▸ **COLLECTED MATERIAL**:
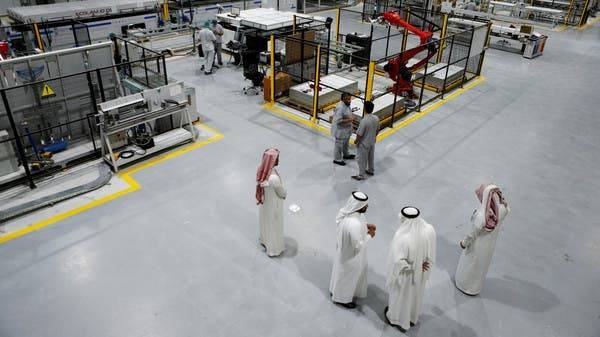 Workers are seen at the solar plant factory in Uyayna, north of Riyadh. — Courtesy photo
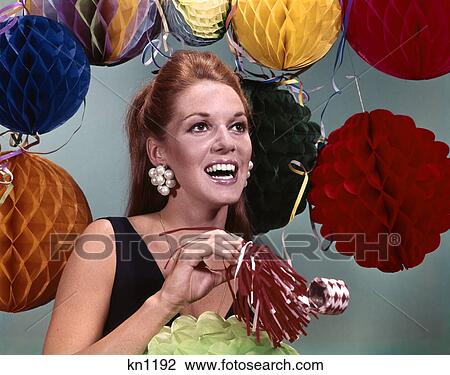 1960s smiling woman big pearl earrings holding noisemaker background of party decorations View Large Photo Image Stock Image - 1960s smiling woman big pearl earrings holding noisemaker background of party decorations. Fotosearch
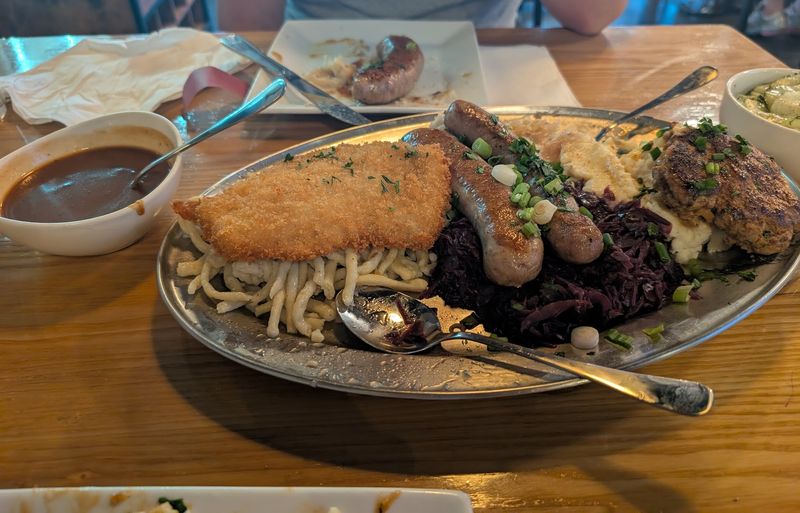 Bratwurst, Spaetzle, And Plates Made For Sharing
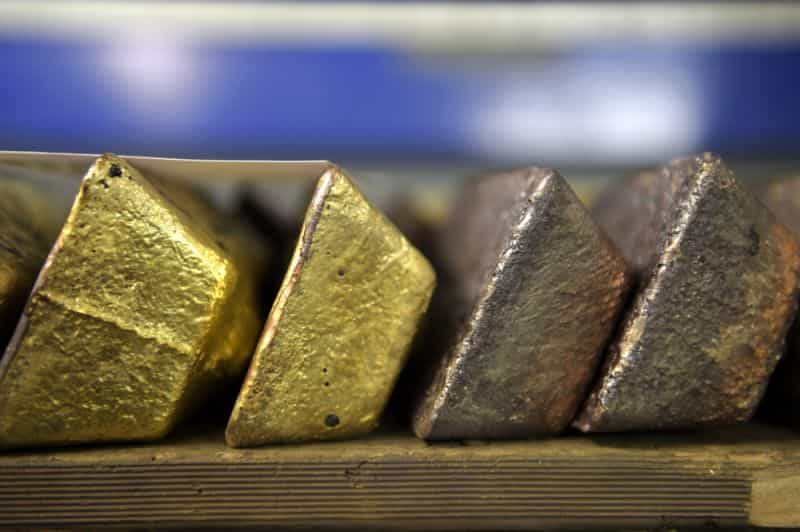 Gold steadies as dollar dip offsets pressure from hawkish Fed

▸ **AIM OF THE EXERCISE**:
Omit each picture, then return all of the listing exactly as it stands.

▸ **TASK ANSWER**:
 Workers are seen at the solar plant factory in Uyayna, north of Riyadh. — Courtesy photo
 1960s smiling woman big pearl earrings holding noisemaker background of party decorations View Large Photo Image Stock Image - 1960s smiling woman big pearl earrings holding noisemaker background of party decorations. Fotosearch
 Bratwurst, Spaetzle, And Plates Made For Sharing
 Gold steadies as dollar dip offsets pressure from hawkish Fed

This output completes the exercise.